The kids weren’t old enough for the documentary. Maybe they’d never be, but they’d been kept from it, out of the limelight of their two seconds of fame with PBS, and the DVD’s were stashed away in the house. She may have known some of their story, but only the parts they chose to share,
“Did you know your Mom walked on fire?” Okay, so he was improvising...a little.
“What?” she yelled, her eyes widening.
“Yep, Uncle Michael was going to do it, but he chickened out, and your Mom walked across fire, and then she came and talked to me, and she was the bravest I’d ever seen her. Until now. Mommy’s been pretty brave lately,” guilt made his stomach turn,
“Why are you telling me this?” she asked him, pulling one of his quilts around her, the cool air in the hospital sending a shiver down her spine.
“Because, your Dad’s not being very brave right now,” he stated matter of factly.
“I’m scared,” he paused and let the silence sit between them, his hands clenched lingering near his chest, signing to her.
“It’s my turn now,” she broke the silence between them. He tilted his head, “to tell you a story,” she finished.
“Dad,” she glanced down at her hands, fiddling with a mermaid mood ring on her pinky, and chipping away at the yellow polish on her nails.
“I saw you,” her eyes made direct contact with his, and he watched as they filled, and told him so much with so few words, “I saw you that day, The day we never talk about,” She wiped an eye,
“Cee, you don’t have to-”
“Mom thinks I don’t remember. I told her I don’t remember, because I don’t want to do what Philip had to do. And when I have nightmares, I just stay in my bed, and hold my pillows and I sing the song we sing all the time together, do you remember, the one about being brave?”
“I remember,” his voice was barely audible,
“When I went to Emily G’s house for her birthday last summer, I lied and told you we watched Frozen 3, but really we watched this scary movie about zombies, and I was so scared I couldn’t sleep all night,” she wrinkled her brow, apologizing with every tone in her voice,
“Daddy,” she’d begun to weep, “you were all…” she stopped, putting her hands up against her face, pushing her fogging glasses up against her forehead.
“C’mere,” he put his arms out, and pulled her around his torso, her legs dangling on both sides of him, her head on his chest. She was so tall, so heavy.
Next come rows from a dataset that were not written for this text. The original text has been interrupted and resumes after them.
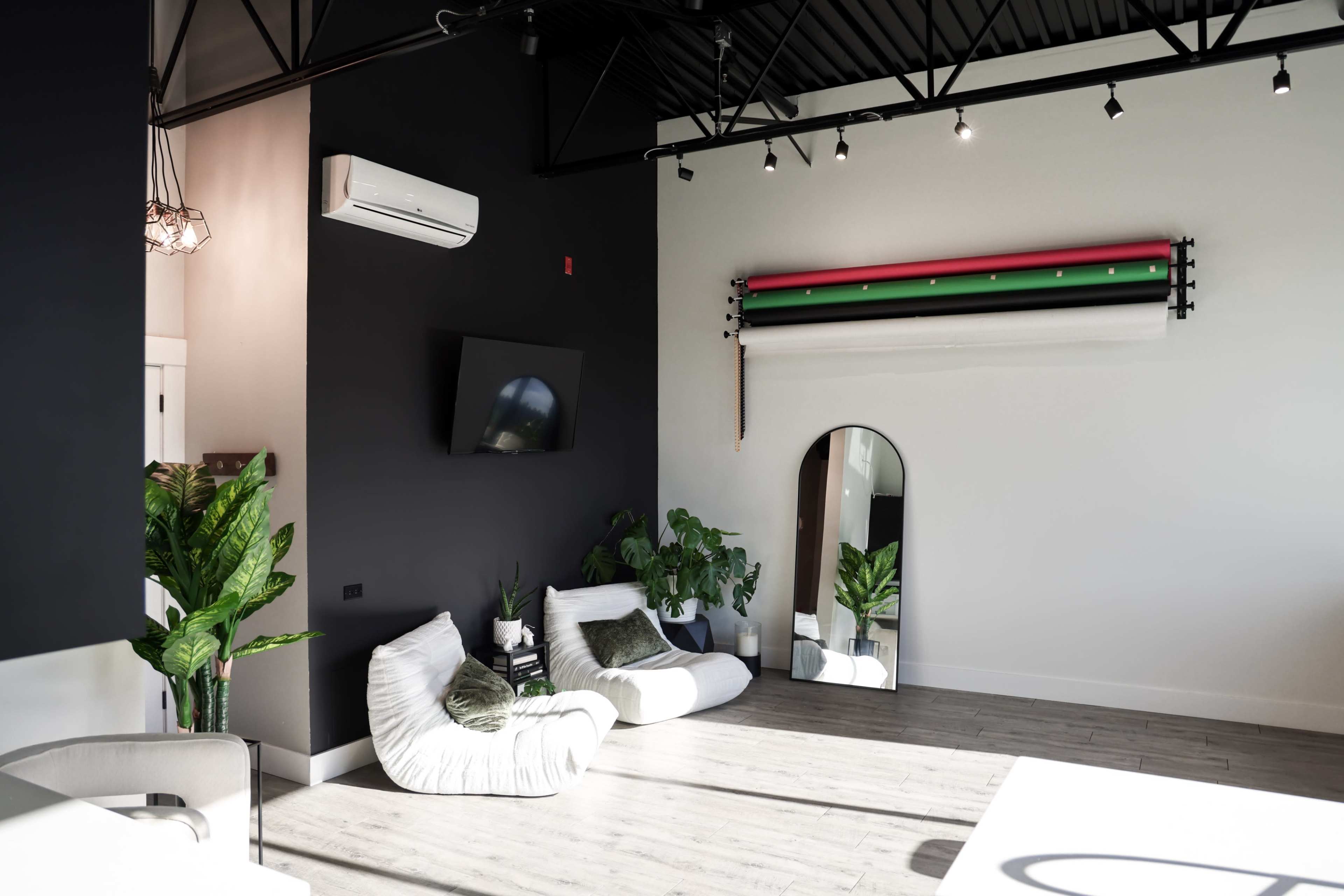 The image shows a modern indoor space with two white beanbag chairs, a large mirror, a wall-mounted television, and plants against a backdrop of black and white walls with colorful horizontal bars.
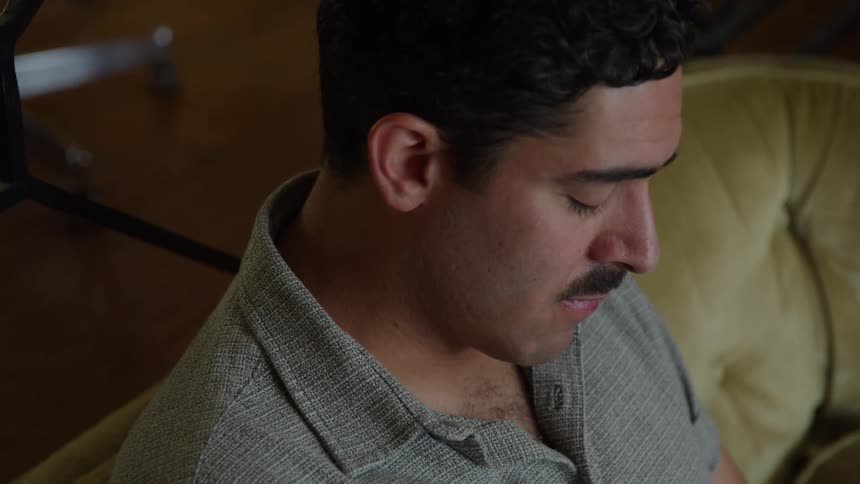 Man sitting on a couch looking sad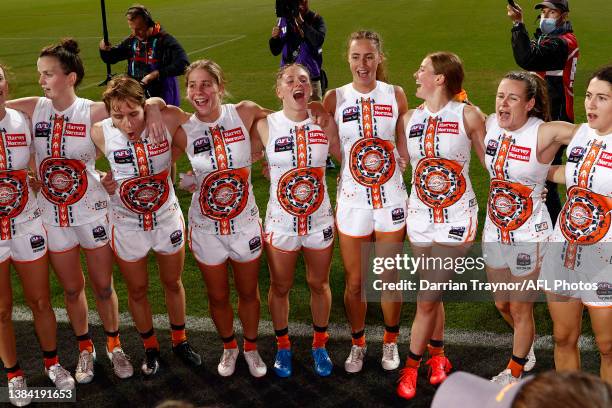 Ginats players sing the team song after during the round 10 AFLW match between the Geelong Cats and the Greater Western Sydney Giants at GMHBA...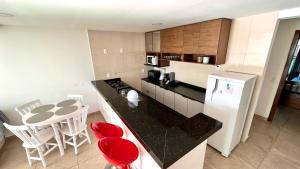 cocina con nevera blanca y mesa con sillas rojas en APARTAMENTO VISTA MAR Até 7 pessoas, en Arraial do Cabo 15 fotos más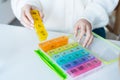 Woman's hands holding daily and weekly pills organizer on the table. Taking daily medicine antioxidant diet vitamin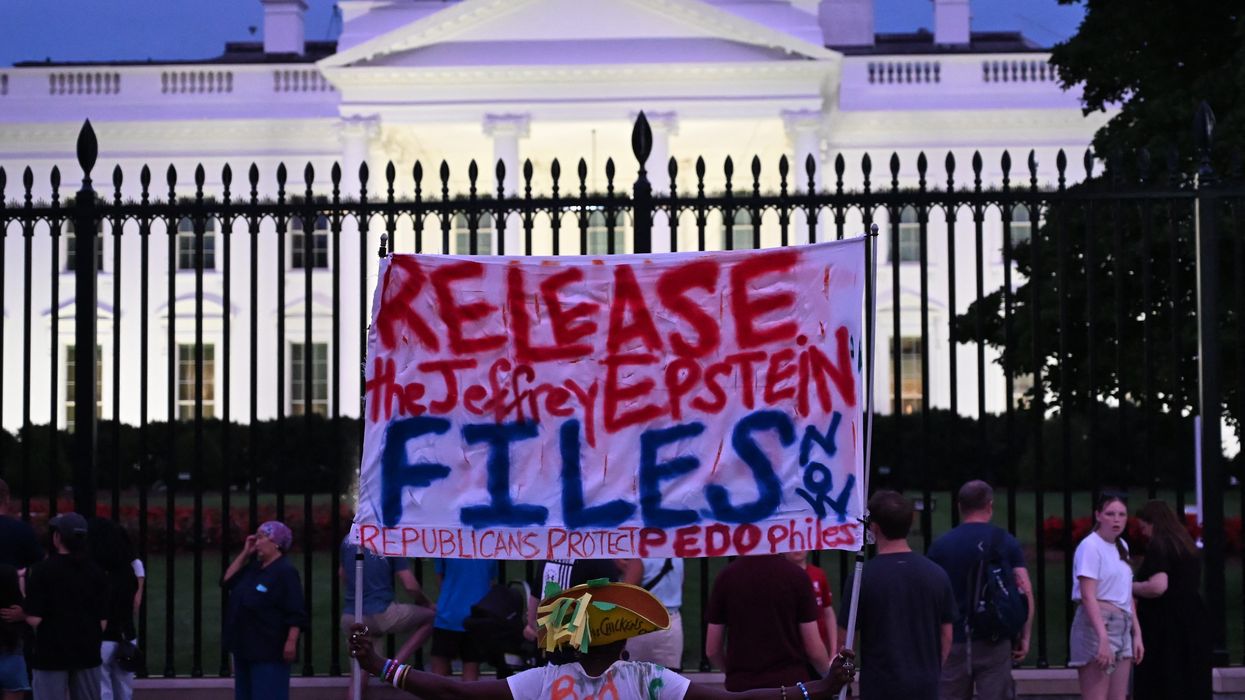 A protester holds a sign outside the White House demanding the release to all files related to Jeffrey Epstein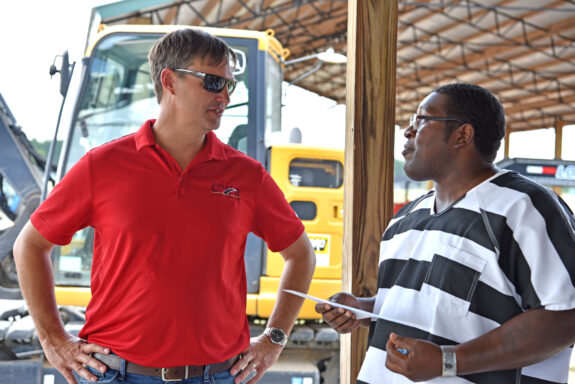 Representative with Local Construction Company Talking to Inmate at Heavy Equipment Graduation Ceremony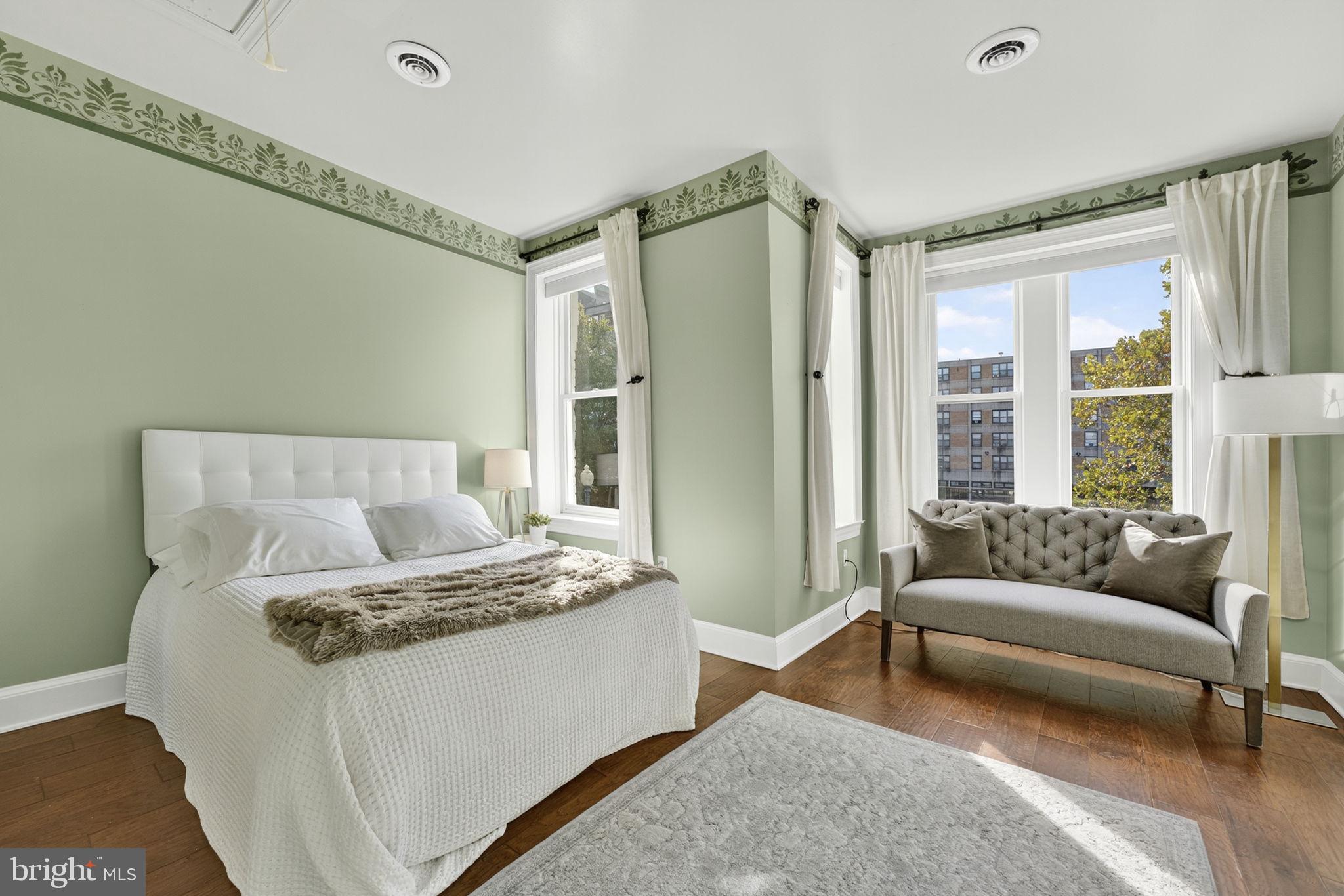 1218 G Street Southeast Washington, DC 20003 - Photo 26 of 37 a living room with furniture and a large window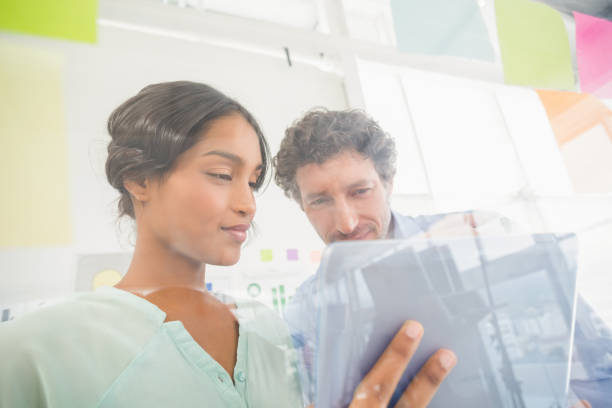 istock Puzzled business team looking post its on the wall 692657586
He moved his fingers through her curls, separating them, and rubbing his thumb against her scalp,
“We’re not always brave Dad, and that’s okay,” she mumbled through tears, “I wasn’t brave that day,” she looked up at him, “but I never thought I’d hear you talk again, and I never thought we’d play games together, or watch Top Gun together when Mom wasn’t home ever again,” her voice was mixed with sobs, and he continued to rub her head, then her back and finally she quieted down after a moment or two.
“Cecelia, you are the bravest girl I know,” he lifted her face up to face him, “look at this scar on your forehead,” he ran his thumb over it, “you are bad ass” he grinned at her.
“You're brave too, Dad,” she sat up.
“That’s why I did this,” she pulled the curtain away from both of them, motioning behind her at his wheelchair in the room. It was covered in slime. Green, wet, sticky, slime. The absolute bane of his existence as a father. He couldn’t help but laugh at what his daughter had pulled off sometime in the midst of a science project, and an afternoon nap.
“Today, we’re going to walk to the window,” she stood up, off the bed and moved around putting her hands out. He wrapped his large hands around her tiny ones, noticing every nail bed was perfectly intact. She’d stopped biting. Who was this girl in front of him?